▶ _AIM OF THE EXERCISE_: Reproduce exactly the lines below, from the first one through the line containing "Cover of Vecernji list BiH", and omit any pictures.

:::

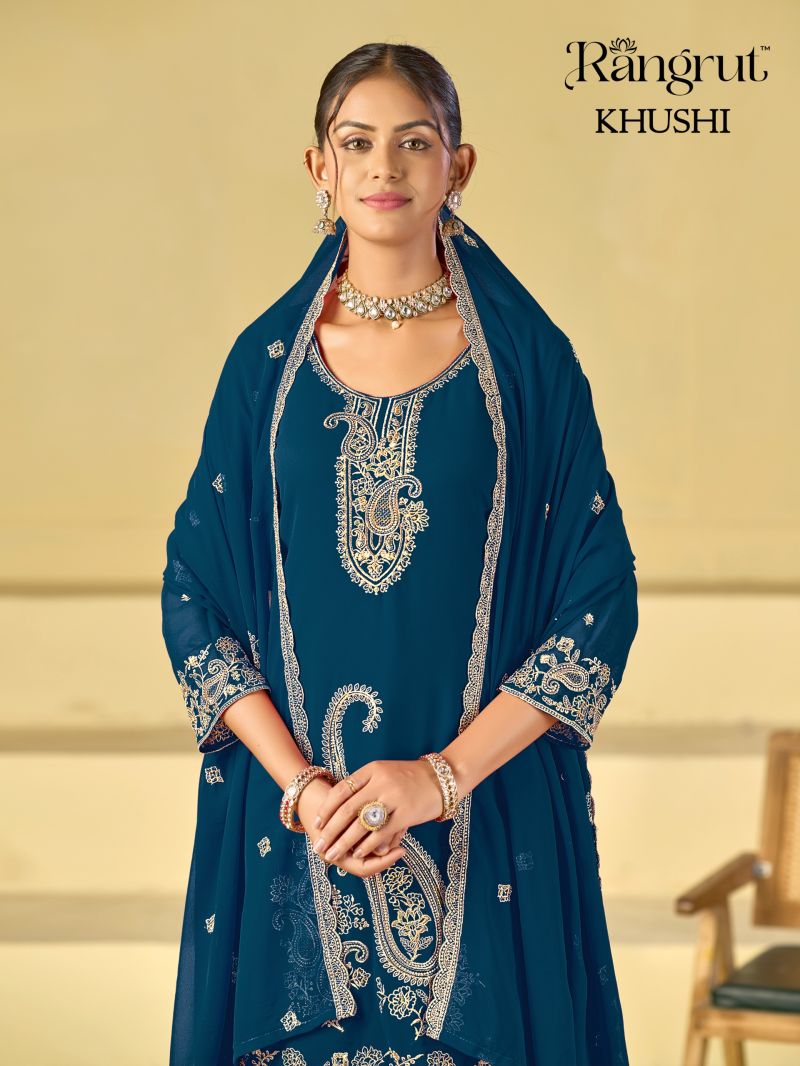 Rangrut Khushi Georgette Embroidered Salwar Kameez — Wholesale Readymade Suit, Vardan Ethnic wholesale from Surat — view 7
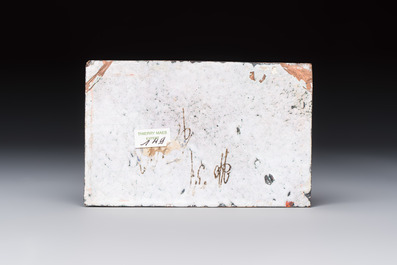 Six Chinese Canton enamel rectangular plaques with landscape, figural, floral and European subject designs, Qianlong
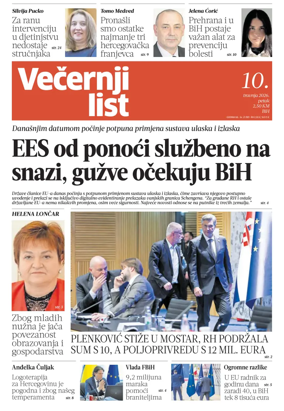 Cover of Vecernji list BiH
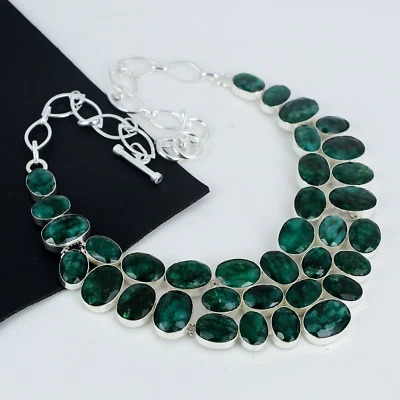 Schöne Smaragd Edelstein Handgemacht 925 Sterlingsilber Halskette für Liebe Gift - Bild 1 von 4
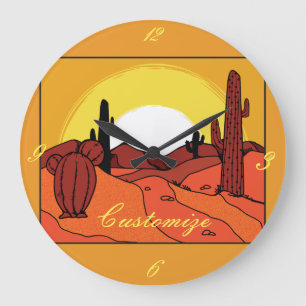 Desert Cactus Sunset Thunder_Cove Stor Klocka
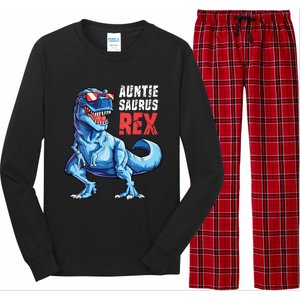 Auntiesaurus T Rex Dinosaur Auntie Saurus Family Matching Vneck Long Sleeve Pajama Set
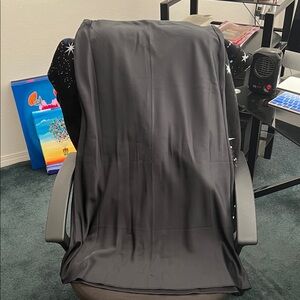 Abercrombie & Fitch black satin A-line midi skirt in Large (petite)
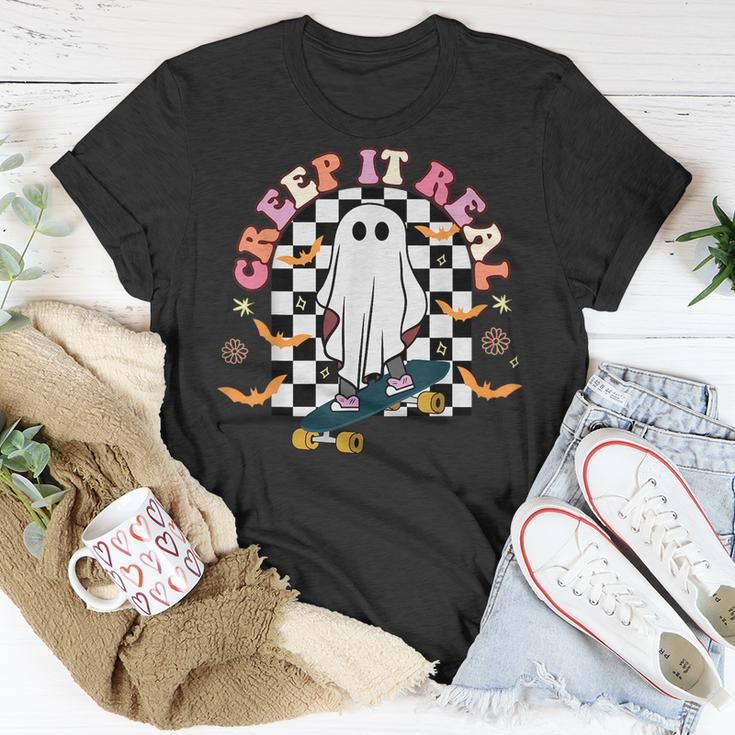 Creep It Real Skateboarder Ghost Vintage Retro Halloween IT Funny Gifts Unisex T-Shirt Unique Gifts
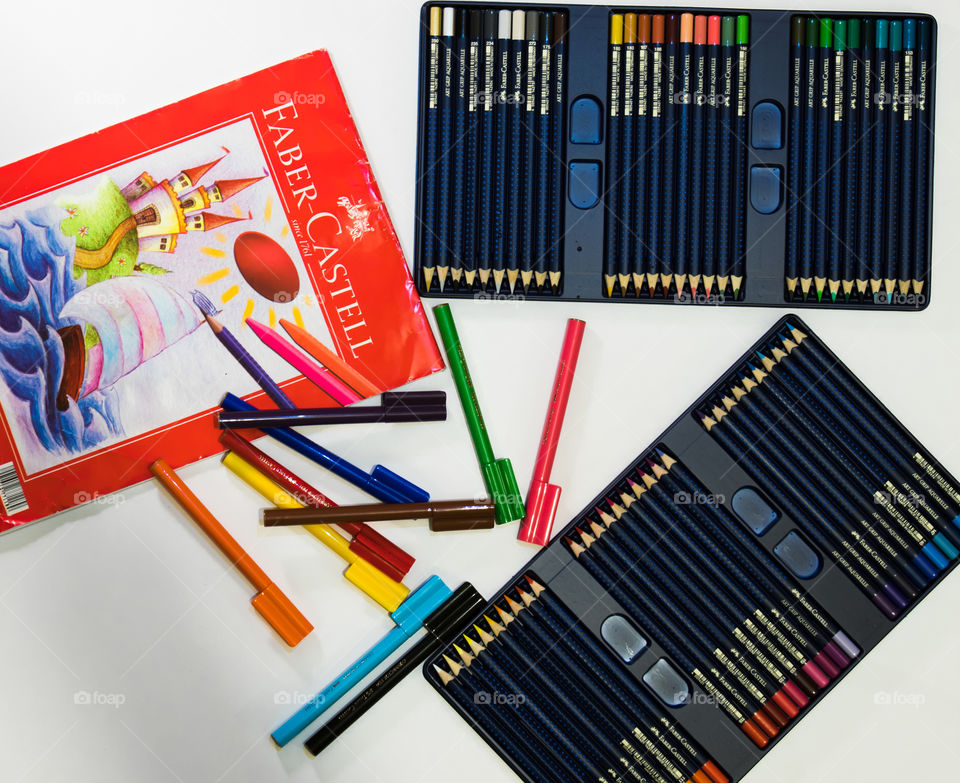 Faber Castel artgrip colour pencils, markers and  block
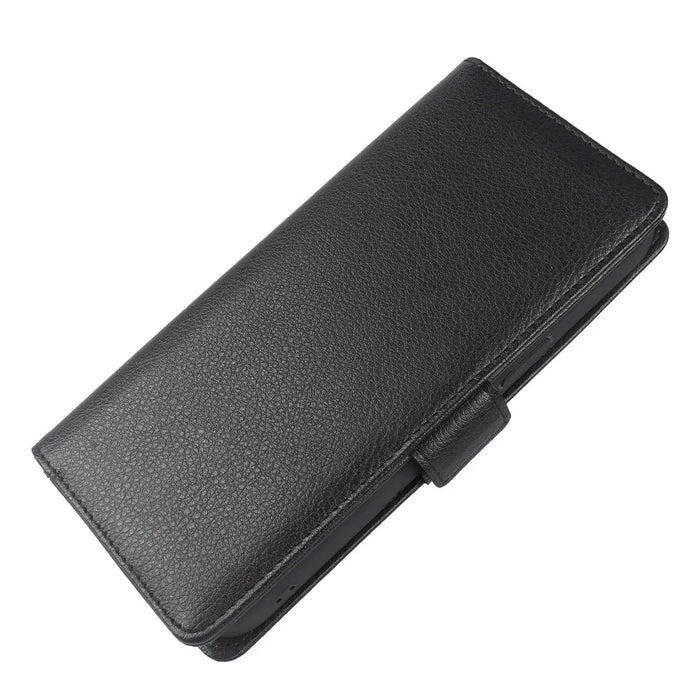 For iPhone 15 Plus Wallet Case with Dual Magnetic Clasp Litchi Textured Leather Flip Stand Phone Cover - Black - 4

:::

▶ _OUTPUT BELOW_:
 Rangrut Khushi Georgette Embroidered Salwar Kameez — Wholesale Readymade Suit, Vardan Ethnic wholesale from Surat — view 7
 Six Chinese Canton enamel rectangular plaques with landscape, figural, floral and European subject designs, Qianlong
 Cover of Vecernji list BiH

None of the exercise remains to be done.